3. Locating the Hole(s)
(or replacing the tube if it can’t be patched)
First determine the type of flat you have, and where. If you kept track where the puncture is on the tire, you can skip this step: With the tube removed, pump a little air into it, until you hear a hissing sound. Hint: If you’re having trouble locating where it’s coming from, hold the tube near your face, and you can feel where the air is coming from.
4. Patching the Hole<(s)/h3>
Once you’ve located the hole, determine how big it is. If it’s a small puncture, or snakebite, it’s pretty easy to patch.
Rough the area around the hole with the pad of sandpaper in the patch kit to an area a little larger than the size of the patch, sanding down any “mold lines” (raised lines) that may be in the patch area. This exposes raw rubber for the patch glue to adhere to. Don’t skip this step! It’s important, and don’t touch the freshly sanded area with dirty or wet fingers!
Remove the backing from the pre-glued patch (or put glue on the tube over the area you cleaned and spread it into a thin layer with your finger). If you are using glue, let the glue dry and then press the patch firmly onto the tube. I like to continue pressing the patch on for about a minute. Be sure the edges of the patch are glued down.
5. Inspecting the Tire
Now check to see what happened, if you don’t already know. If you don’t see the problem visually, and it’s a puncture and not a snakebite, very carefully run your finger around the inside of the tube. Be careful, if it’s a glass shard, or piece of metal you could cut yourself. If the puncture is on the inside of the tube where it’s next to the rim, it could be coming from either (a) a burr on the rim, or (b) a spoke end protruding through the protective tape that runs in the base of the rim. If you find a spot where the tape is torn or misaligned, try to correct it. In a pinch, try to place a patch still in it’s package over the area, or something similar.

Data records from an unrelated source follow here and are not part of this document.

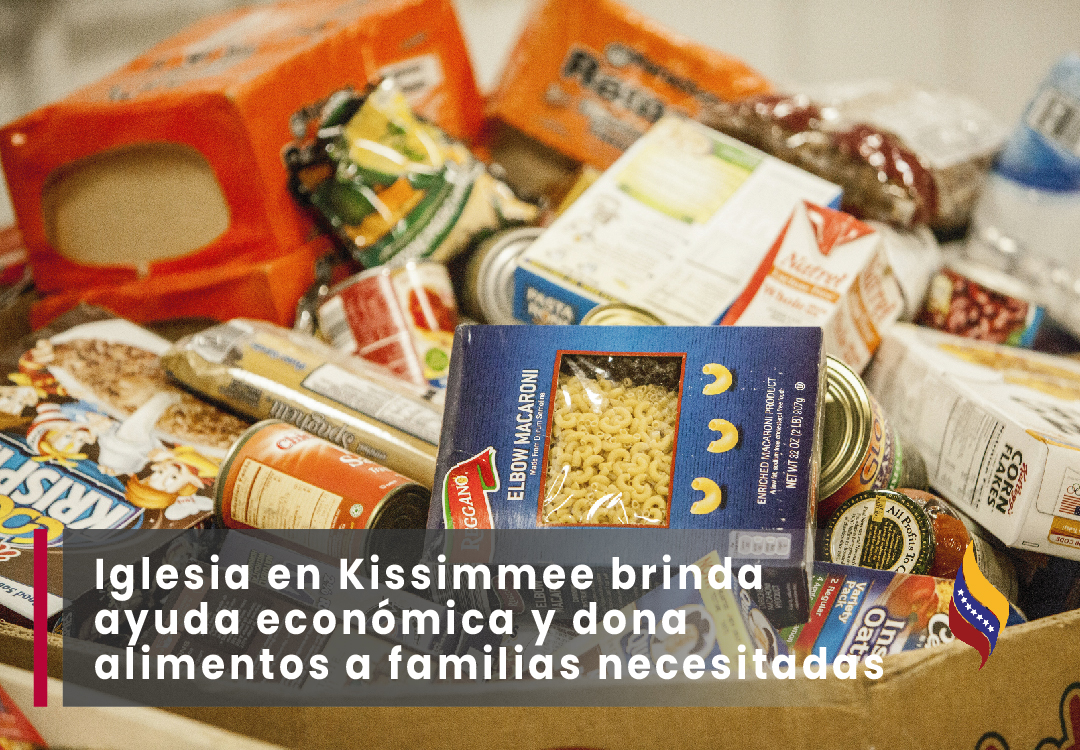 Iglesia en Kissimmee brinda ayuda económica y dona  alimentos a familias necesitadas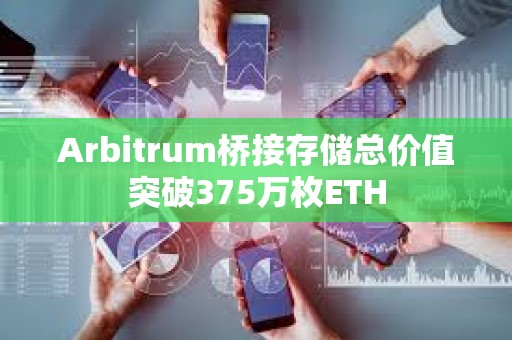 Arbitrum橋接存儲總價值突破375萬枚ETH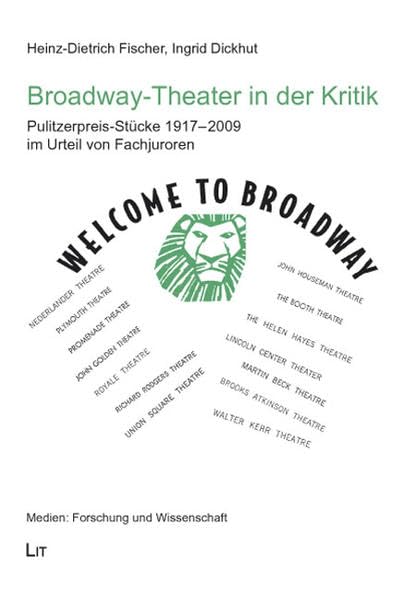 Broadway-Theater in der Kritik: Pulitzerpreis-Stücke 1917 - 2009 im Urteil von Fachjuroren (Medien: Forschung und Wissenschaft) Law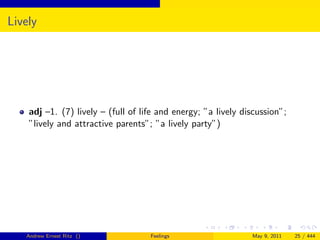 Lively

If the repair is for a snakebite puncture, there probably won’t be any problem found with the tire or rim; it’s usually caused by hitting a rock, concrete driveway edge, or some other hard object with too little tire pressure. The tube is deformed by the object, and gets pinched between the object and the rim, making the two little holes.
6. Reinstalling the Tube
With the tube repaired (or replaced) and the tire and rim free from defect, put a little air in the tube so it fills the tire when you put it back in; be sure to line up the valve stem with it’s hole in the rim. Push the valve stem all the way into it’s hole, and work the bead back over the edge of the rim by the valve stem with your hands. Repeat this process again about 6 inches away, while holding the first spot in place.
7. Pushing the Bead Back Onto the Rim
Be sure the bead isn’t on directly on top of the valve stem; if it is, push the stem into the tire a little. Now do the same thing about 6 inches from the first spot, in the other direction. Keep repeating this procedure, as long as the remaining bead can be pushed on by hand. If it’s really tight, you may have to use a tire iron to get the last little bit of the bead on. Be very careful not to pinch the tube with the tire iron!
8. Replacing the Wheel
Hard part is over! Go ahead and pump up the tire to riding pressure. Be sure to pump it up enough! It would be a real bummer to resume your ride and get a snakebite!! Replace the wheel in the reverse order of removing the wheel. One thing to watch out for: when tightening the tire, be sure it is centered in the frame at the top of the wheel. Otherwise, when you re-tighten the brake pads, the wheel may rub on one pad or the other. Also, Warning!! Be sure the wheel axle is completely properly seated in the dropout of the frame, or fork. The wheel could come off and cause a serious accident otherwise!